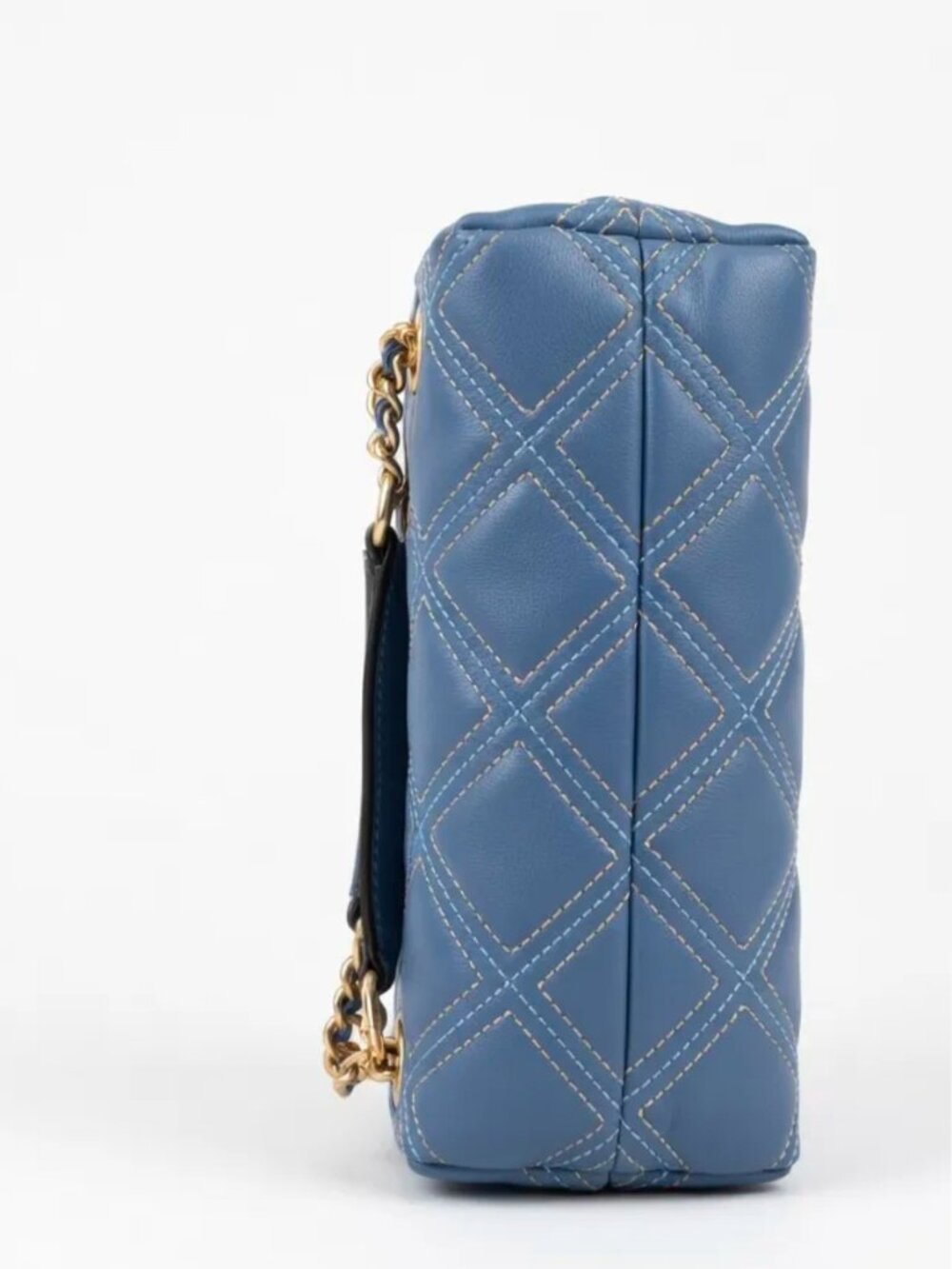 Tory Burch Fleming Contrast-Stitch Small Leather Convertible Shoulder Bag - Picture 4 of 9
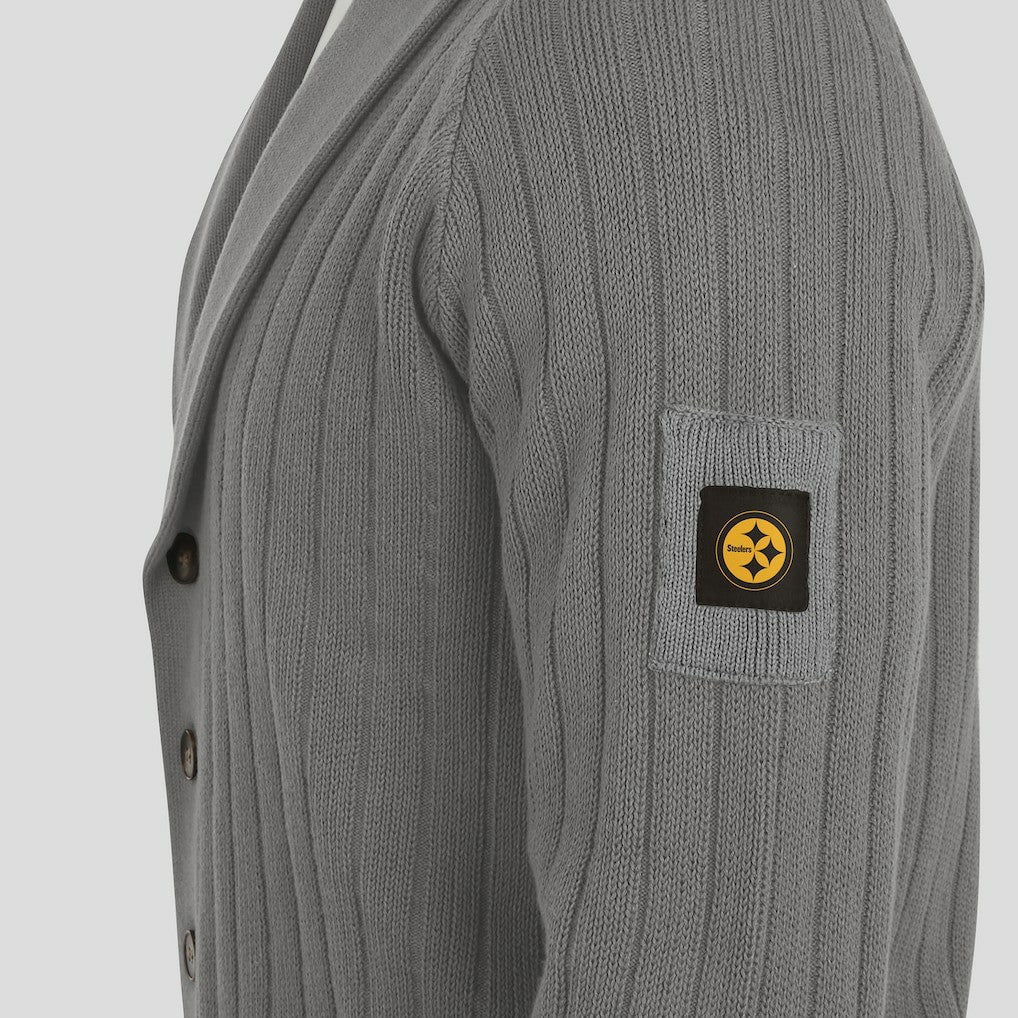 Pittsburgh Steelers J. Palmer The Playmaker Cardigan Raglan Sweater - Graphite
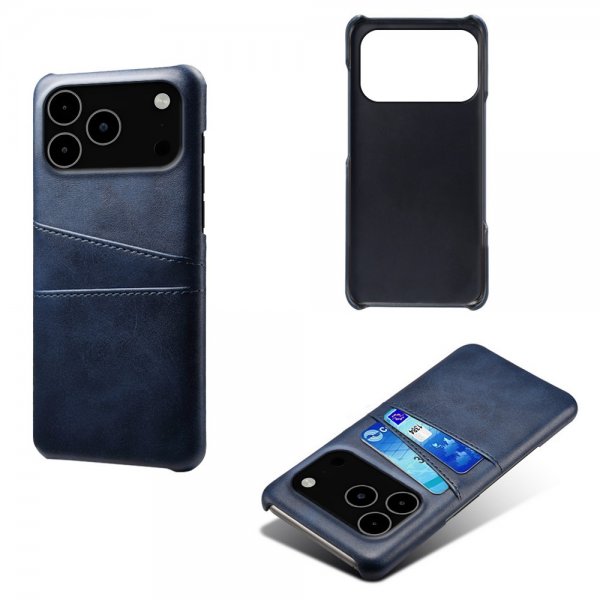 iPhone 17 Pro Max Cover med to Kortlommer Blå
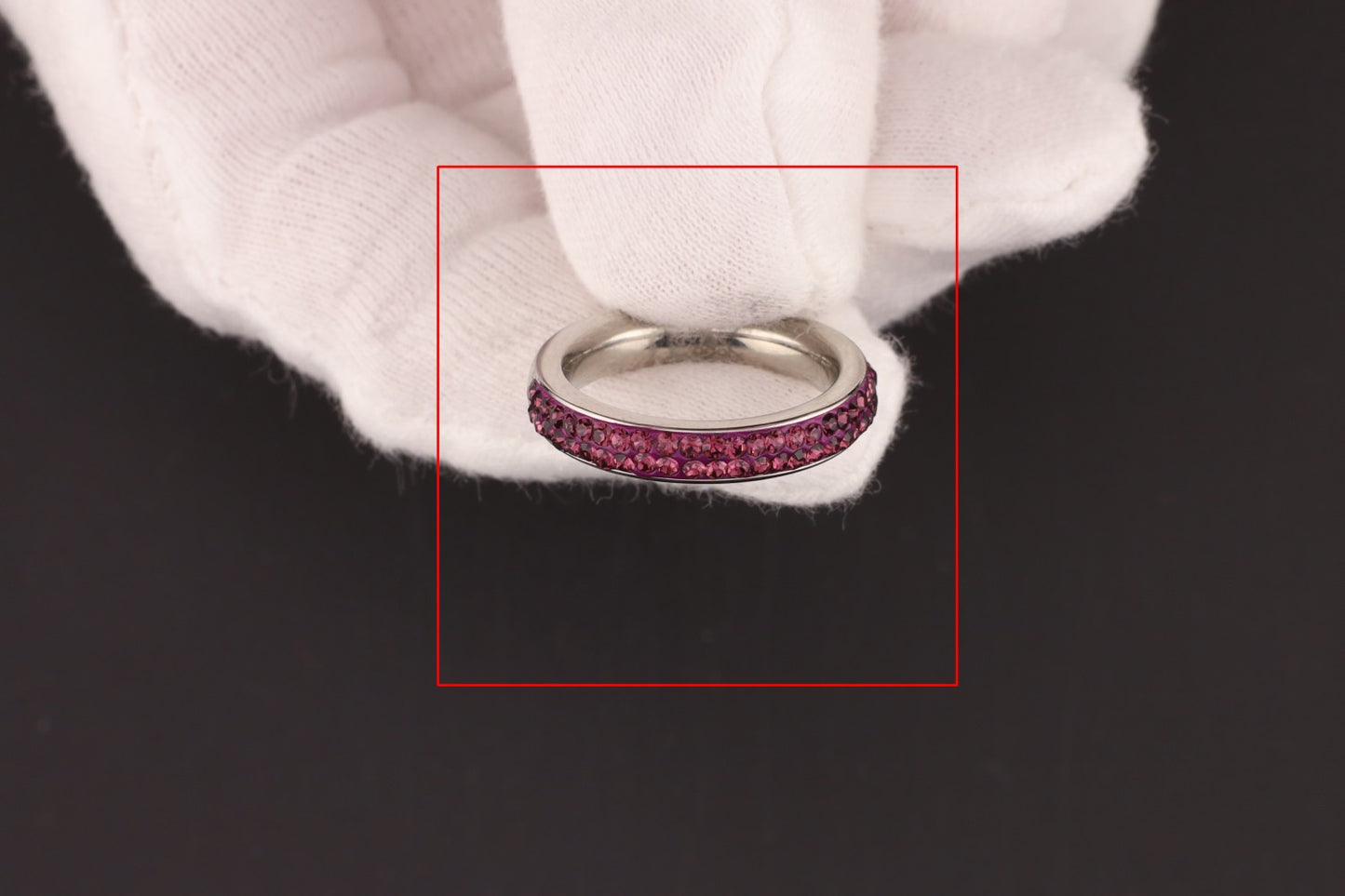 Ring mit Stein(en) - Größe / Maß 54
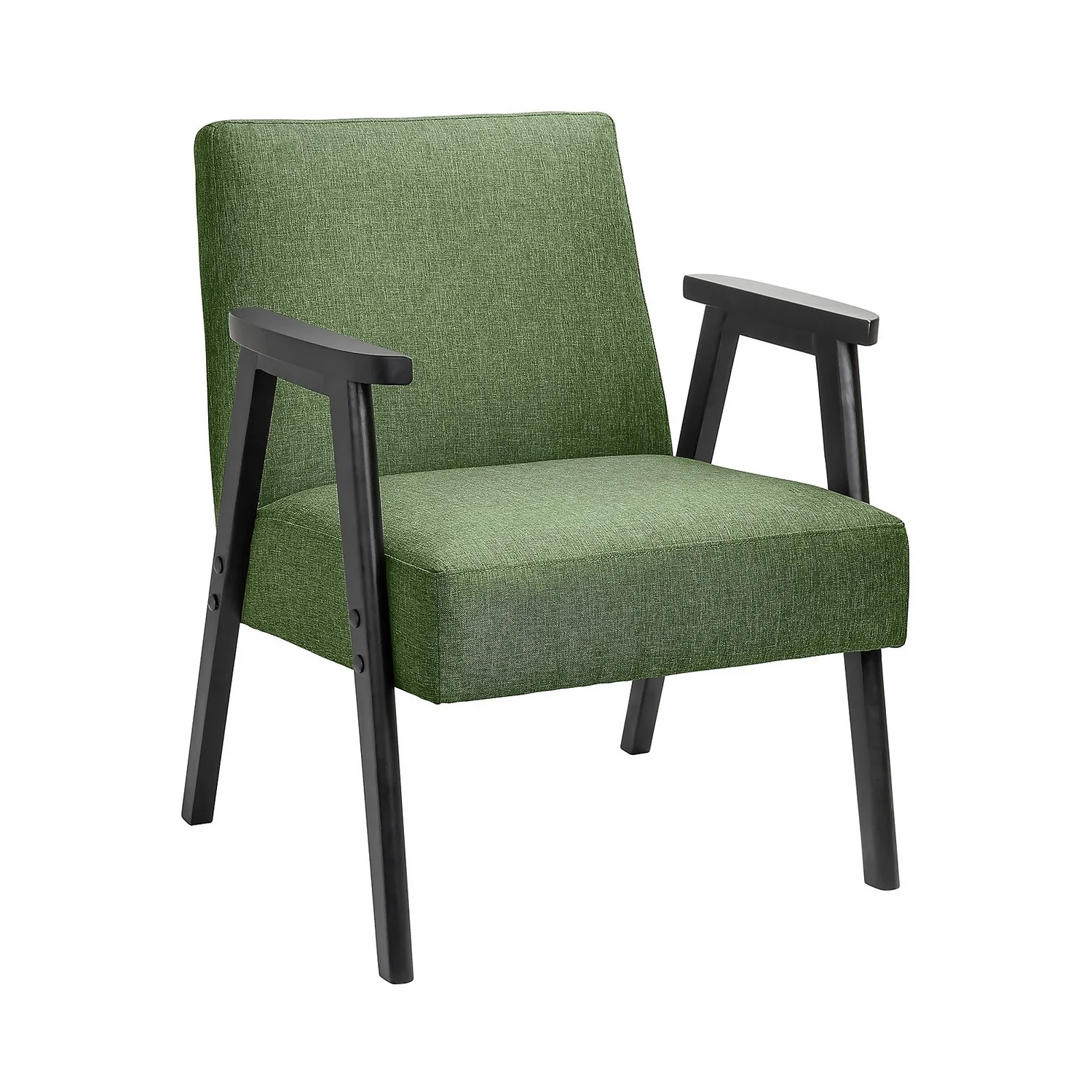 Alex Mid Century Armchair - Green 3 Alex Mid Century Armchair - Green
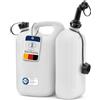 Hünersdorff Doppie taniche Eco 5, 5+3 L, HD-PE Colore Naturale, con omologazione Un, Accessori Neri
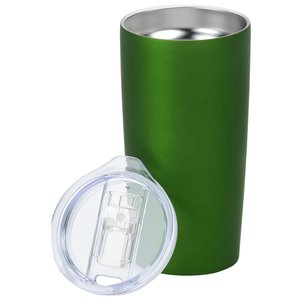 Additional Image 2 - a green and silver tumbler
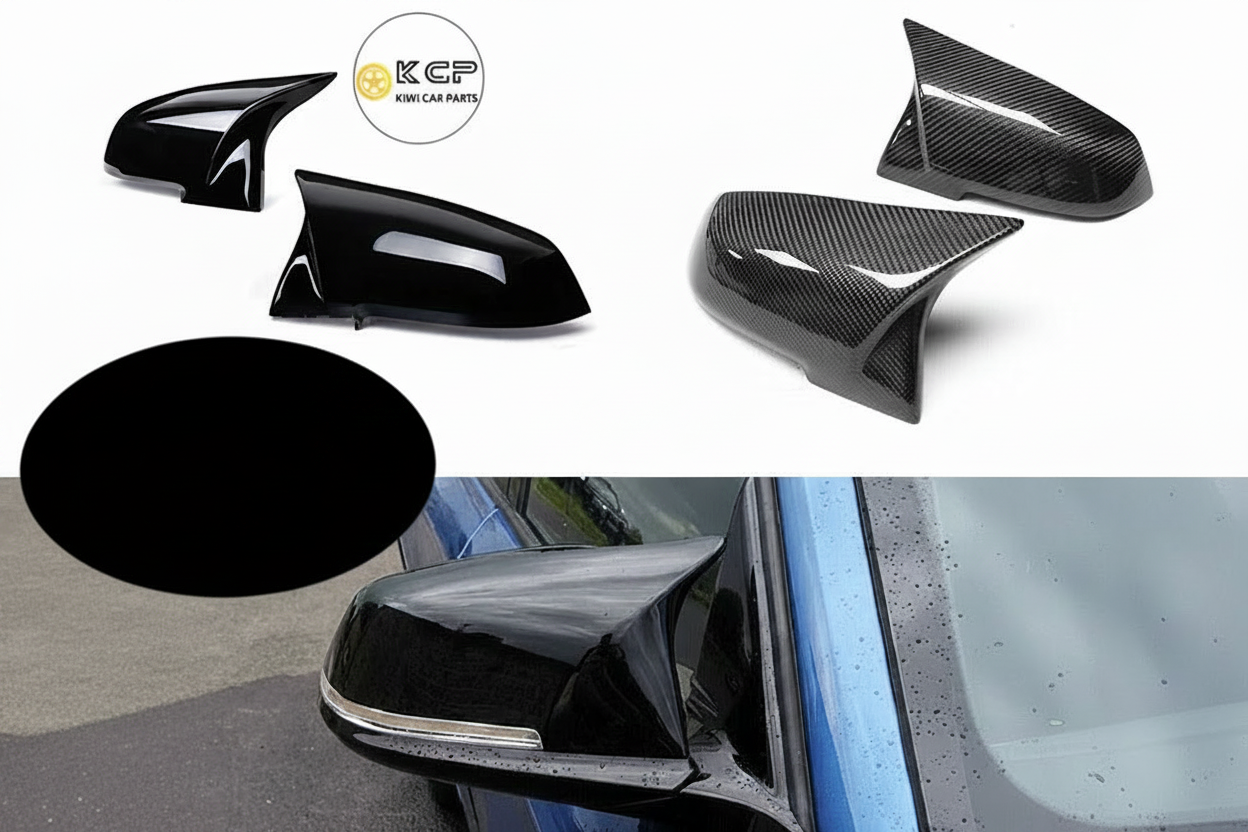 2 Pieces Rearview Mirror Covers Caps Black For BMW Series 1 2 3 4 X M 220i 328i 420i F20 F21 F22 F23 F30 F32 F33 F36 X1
────────────────────────────────────────
Instructions for the task
Nothing but the lines from the line containing "Additional Image 2" through the end of the data, both ends included, is to be reproduced, exactly as written and without the pictures.

Solution to this task
 Additional Image 2 - a green and silver tumbler
 2 Pieces Rearview Mirror Covers Caps Black For BMW Series 1 2 3 4 X M 220i 328i 420i F20 F21 F22 F23 F30 F32 F33 F36 X1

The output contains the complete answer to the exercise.